The forest had already implemented a designated site program, added signs and recruited a camping ambassador to educate and assist visitors at Curtis Canyon. 

“These actions have helped reduce impacts but have not kept pace with increased use,” the scoping document reads. “The time for repeated band-aids has passed.” 

The forest accepted comments through March 3.

Merigliano was part of a site visit last week, and said the road to Curtis Canyon has only worsened under recent rainy conditions. Gullies and deep ruts thread through the road, and pond-sized puddles necessitate high-clearance vehicles, she said. 

More field survey work needs to occur to inform projects like campground expansion and trailhead work, she said, but the agency is likely to issue a decision soon on the road repair in order to get started on drainage improvements ASAP. 

“It’s pretty bad right now,” she said of the road condition.

Of the 32 comments submitted for the scoping document, many supported the general concept of improvements. One commenter wondered, however, where the cycle of crowd-fueled damage ends. 

“What has happened there in the past decade-plus is disheartening to say the least,” Franz Camenzind wrote. “What is being proposed is a good start to better manage in the area and slow its degradation.

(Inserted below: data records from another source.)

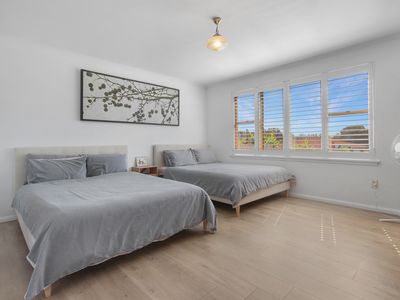 14 Emma Close, Dalmeny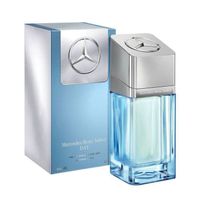 Mercedes Benz Parfum Select DAY 100ml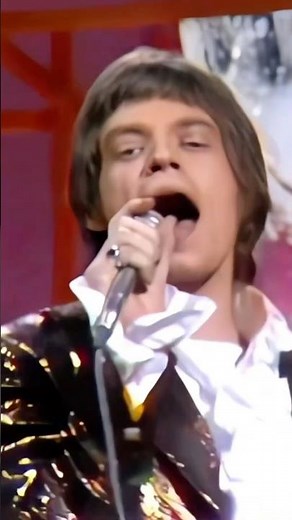 Let’s Spend the Night Together (1967) | The Rolling Stones #therollingstones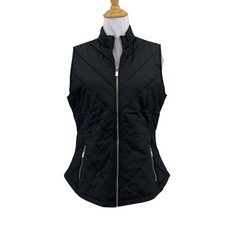 Tail Tech Vest Women M Medium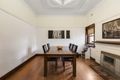 Property photo of 25 Devon Street Cheltenham VIC 3192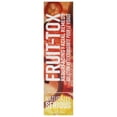 thumbnail image 5 of Naturally Serious Fruit-Tox Resurfacing Facial Remedy , 1.7 oz Exfoliator, 5 of 6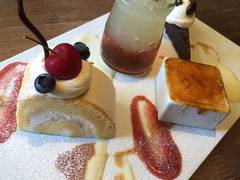 西尾のおすすめ子連れランチ15選 赤ちゃん連れに人気座敷や個室からキッズスペースありも 2 子連れのおでかけ 子どもの遊び場探しならコモリブ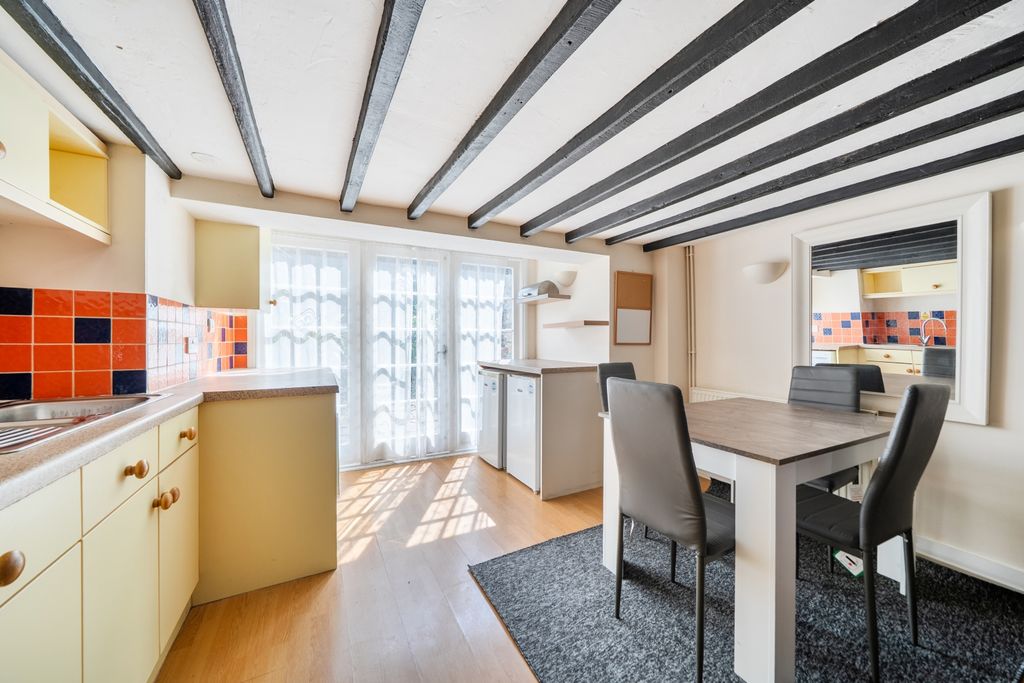 Property photo 3 of 15 1495503-14-6A58B2Cb93A06
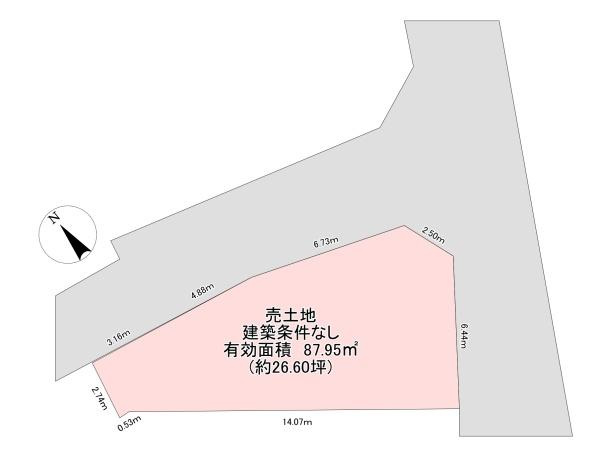 【土地図】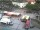 Webcam in Bad Zwischenahn, 0.2 km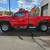 2022 chevrolet silverado 2500hd LT z71 10k mi 8 thumbnail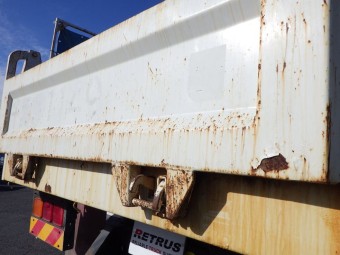 サムネイル 34枚目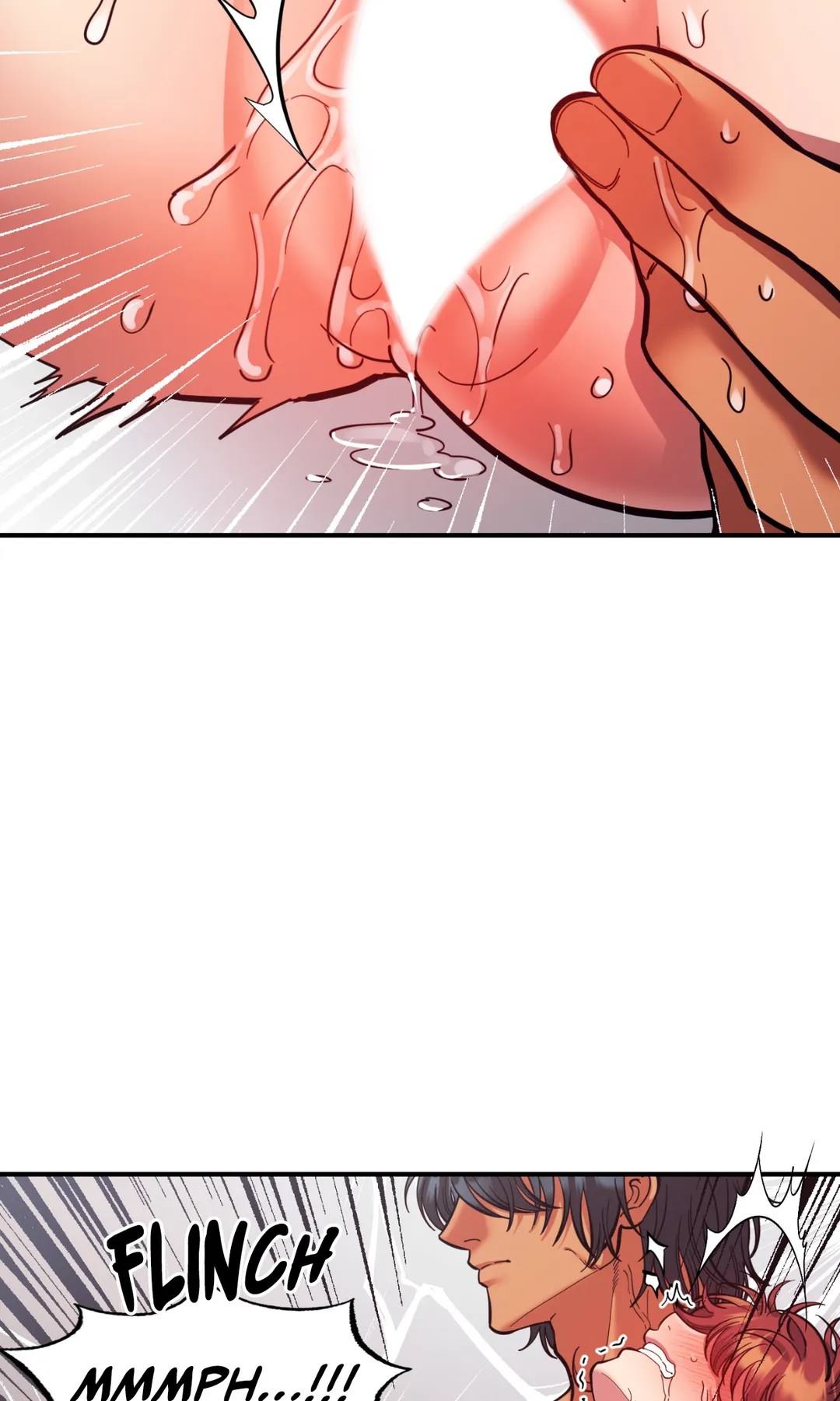 Hana’s Demons of Lust - Chapter 63 15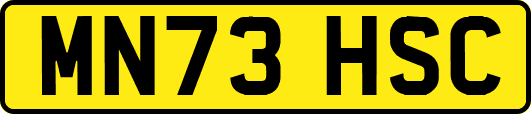 MN73HSC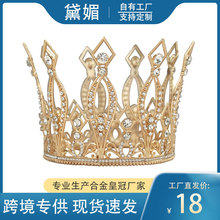 �W�������Ʒ�ʹڽY���^Y������Ͻ�ˮ����ڈA����ڰlS��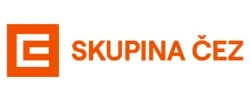 Skupina ČEZ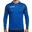Barbati Running Maglia Atene ML 100% Poliester Traspiranta Cu Maneci Raglan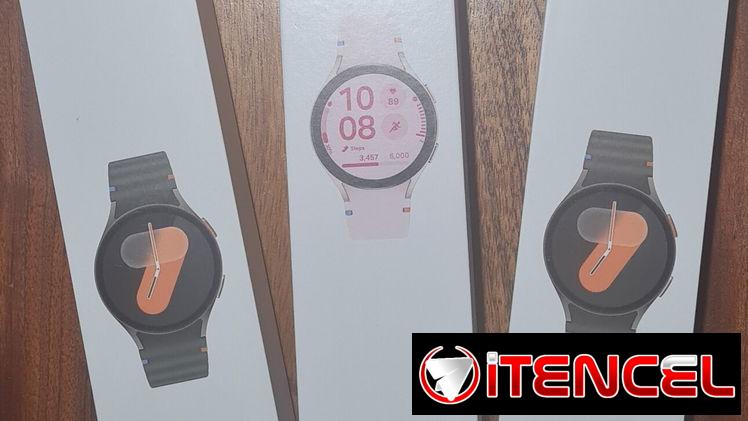 SAMSUNG GALAXY WATCH ULTRA , GALAXY WATCH 8 , GALAXY WATCH 7 , GALAXY WATCH 6 CLASICO , LOS MEJORES RELOJES  52830802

Ironically, what is being proposed will only bring more visitors to the are (sic) and bring more impacts and challenges.”

The Bridger-Teton is also planning improvements to trailheads and trails in the busy Granite Creek corridor. 

New fee proposal in the Med-Bo

The Medicine Bow-Routt National Forests and Thunder Basin National Grassland are proposing fee increases at 93 day-use and campground sites in the 2.9-million-acre system spanning eastern Wyoming and northern Colorado.  

The increases will allow the agency to keep up with demand, address deferred maintenance and “be able to put a good product out for the American public,” said Aaron Voors, a public affairs officer for Medicine Bow-Routt National Forests and Thunder Basin National Grassland. 

The move is overdue, he said. “We have not done a good job with that for a variety of reasons over the last 20-plus years since we increased the fees back in 2002,” he said. “We’re trying to just catch up.”

Wildfires, the bark beetle epidemic and other issues have dominated the agency’s work in recent years, he said. In the meantime, maintenance work has accumulated, and sites need upgrades to accommodate evolving needs like the ubiquity of camper trailers. The fee proposal also folds into a larger strategy of accommodating growing use.

The Med-Bow proposal would hike fees at 67 existing sites and institute them at 26 others — 60 are in Wyoming. At Vedauwoo Campground, for example, fees would increase to $20 per site from $10, while use of the gazebo would increase to $75 a day from $50. Funds will be used for everything from road improvements to toilet services. 

National forest visits are increasing, Voors said, and Med-Bow district managers want to point people to developed recreation sites, partially because “it helps take some of the impacts of dispersed recreation off of the forest.” 

Comments will be accepted through Nov. 1. The district will hold public open houses, including several in July.